◆ Directions ◆
The entries are to be written out word for word, with their images left out.

(Beginning of Data shown)

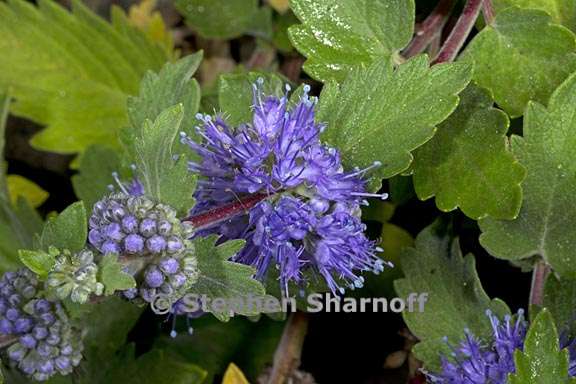 caryopteris incana 6 graphic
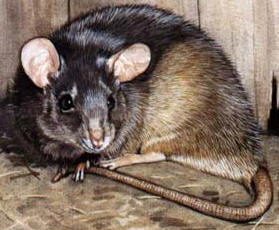 DEFENDA Pest Control Services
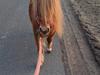 Miniature Hoppe 92 cm. 2023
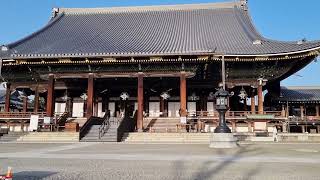 Higashi Honganji daily Buddhist prayers (東本願寺晨朝法要 (朝のお勤め) )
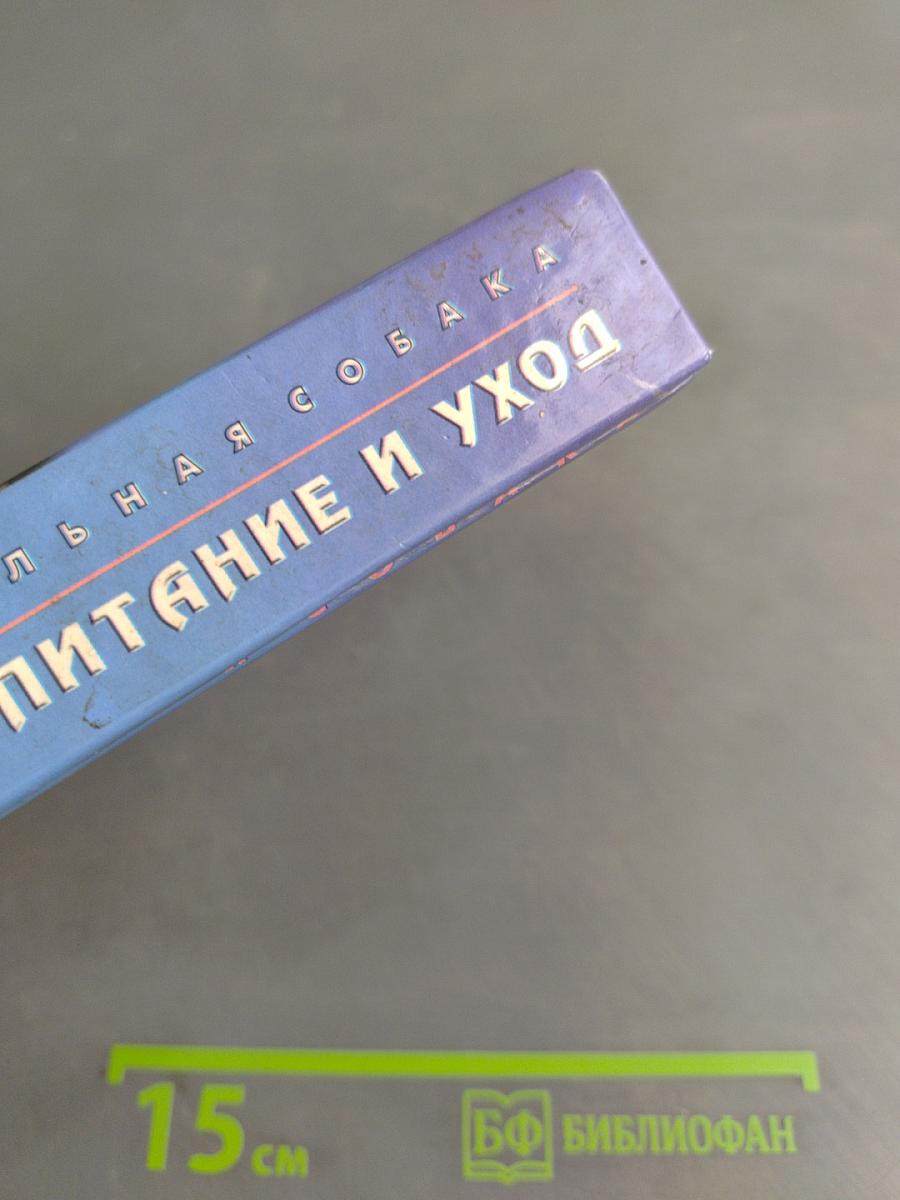 Собака. Воспитание и уход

(End of Data shown)

◆ Exercise answer ◆
 caryopteris incana 6 graphic
 DEFENDA Pest Control Services
 Miniature Hoppe 92 cm. 2023
 Higashi Honganji daily Buddhist prayers (東本願寺晨朝法要 (朝のお勤め) )
 Собака. Воспитание и уход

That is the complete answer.